Shenzhen Mindray Bio-Medical Electronics Co., Ltd. (300760.SZ): How It Makes Money
Shenzhen Mindray Bio-Medical Electronics Co., Ltd. (300760.SZ) generates revenue primarily by designing, manufacturing and selling a broad portfolio of medical devices and clinical solutions to hospitals, clinics and distributors worldwide. Key revenue streams include product sales, after-sales services, consumables and software/informatics solutions.- Core product lines driving sales: patient monitors, ventilators, coagulation analyzers, ultrasound imaging systems, in-vitro diagnostic analyzers and consumables.

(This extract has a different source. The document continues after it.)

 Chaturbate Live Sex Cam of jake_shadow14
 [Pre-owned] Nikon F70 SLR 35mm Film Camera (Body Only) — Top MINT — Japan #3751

- Service and recurring revenue: maintenance contracts, reagent and consumable sales, software licenses and upgrades, and remote/onsite technical support.
- Channel mix: direct sales to large hospitals and tenders, distributor networks for smaller facilities and international partners for regional reach.
| Metric | Value |
|---|---|
| Market capitalization (as of 2025-10-14) | $39.84 billion |
| Global availability | Over 190 countries and regions |
| Medical institutions served in China | Nearly 110,000 |
| Penetration in Class A tertiary hospitals (China) | 99% |
| Subsidiaries & branch offices | 41 subsidiaries across 31 countries; 32 branch offices in China |
| R&D network | 9 centers (Shenzhen, Wuhan, Nanjing, Beijing, Xi'an, Chengdu, Silicon Valley, New Jersey, Seattle) |
- R&D-driven product pipeline: Nine global R&D centers enable faster development cycles, localization for regional markets and integration of digital/AI features that command premium pricing.
- Scale economics: High installed base (domestic and international) supports recurring consumable sales and service margins, while manufacturing scale reduces unit costs.
- Geographic diversification: Presence in 190+ countries and 41 subsidiaries mitigates regional demand swings and supports cross-border sales of both hardware and software services.